Por anos, Tânia trafegou entre pequenos delitos e uso de drogas. Nunca tinha costurado ou bordado na vida, mas hoje vê nas agulhas e linhas uma ponte para um futuro do outro lado das grades.

“Acho que essa cooperativa está mudando minha vida. Estou cheia de planos”, diz à BBC News Brasil, emocionada. “Quero que presas do Brasil inteiro conheçam minha história. Tenho direito de tentar mudar.”

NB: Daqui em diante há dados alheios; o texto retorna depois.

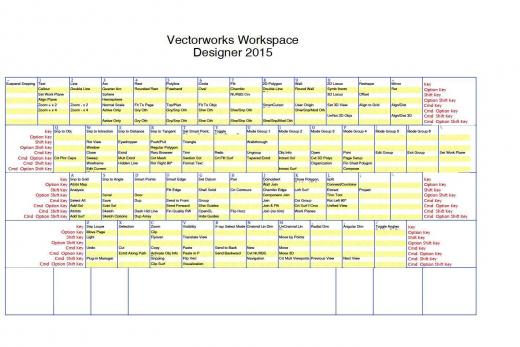 vectorworks spotlight 2012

Sua colega, Flavia Maria da Silva, de 41 anos, também pouco sabia da costura, muito menos de empreendedorismo. “Eu não sabia nem colocar uma linha na agulha”, diz, sentada em um dos pátios. Ela também foi condenada por tráfico de drogas.

Na cooperativa, ao menos 19 das 30 mulheres praticaram crimes relacionados ao tráfico. Segundo o Ministério da Justiça, 62% das presas brasileiras se envolveram com o mercado ilegal de drogas – entre os homens, essa taxa é de 28%.

Flavia conta que uma paixão a levou ao crime. Na adolescência, engravidou de um rapaz por quem se apaixonou. “Além do meu filho, o único legado desse grande amor foi o crime. Fiz parte dessa vida por muito tempo”, conta. “Você acredita nesse mundo de ilusões, mas um dia o dinheiro do crime acaba e você se vê na cadeia.”

Há seis anos ela vive na cadeia, enquanto seu filho cresce do lado de fora. “Ele vem me visitar a cada 15 dias. Vê-lo entrando, já grande, é meu maior orgulho, mas também minha maior vergonha”, diz.

Na salinha onde as presas trabalham, Flavia aprendeu a usar a máquina de costura com o objetivo de conseguir, no futuro longe das celas, juntar dinheiro para se formar em Direito. “Vi muitas mulheres sofrerem por causa da Justiça, que nem sempre é justa. Por isso quero ajudar minha colegas”, afirma.

‘O futuro’

Muitas presas acham que o sucesso da cooperativa de artesanato será uma redenção para vidas que foram erráticas ou que caíram em desgraça por uma escolha equivocada. Veem o negócio recém-nascido como uma volta por cima que será contada com orgulho para parentes e, principalmente, para os filhos.

E elas falam muito deles, os filhos.

Segundo o Ministério da Justiça, 75% das presas do Brasil têm um ou mais de uma criança.

Eles foram o assunto preferido de Letícia de Oliveira, de 30 anos, quando conversou com a BBC News Brasil. Ela é mãe de um menino e de uma menina de cinco anos. A garota nasceu na prisão e, aos seis meses, foi separada da mãe após o período de amamentação previsto pela lei.

“Meu pai veio buscá-la. Fiquei tão desesperada que comecei a correr pelo presídio para escondê-la nas celas”, conta, fingindo um sorriso para amenizar o choro. “Só dei o bebê quando meu pai me disse: não se preocupe, Letícia, vocês duas são minhas filhas.”

Reincidente, Letícia foi condenada a 13 anos e seis meses de prisão: um dia, foi atraída pelo dinheiro que ganharia carregando quatro quilos de cocaína. Acabou presa. Não vê os filhos há quatro anos. “Preferi ficar longe, não quero que eles me vejam assim”.

Já Tânia Rodrigues recebe visitas de dois de seus três filhos. O mais velho, de 16 anos, desistiu de visitar a mãe quando ela não conseguiu cumprir a promessa de encontrá-lo fora da prisão no último Natal. “Prometi a ele, porque achava que meu regime semiaberto sairia, mas isso não aconteceu. Nunca mais ele veio”, conta.

Sua outra filha, de cinco anos, faz visitas a cada 15 dias. A menina não sabia que a mãe morava em uma prisão até semanas atrás. “Um dia, ela me perguntou se eu não ia para casa porque as grades não deixavam. Fiquei sem palavras.”

Dias depois, em outra visita, Tânia presenteou a filha com um chapéu feito por ela na cooperativa. “Minha filha olhou para o boné e perguntou: ‘ah, então é isso o que você faz, mãe?'”.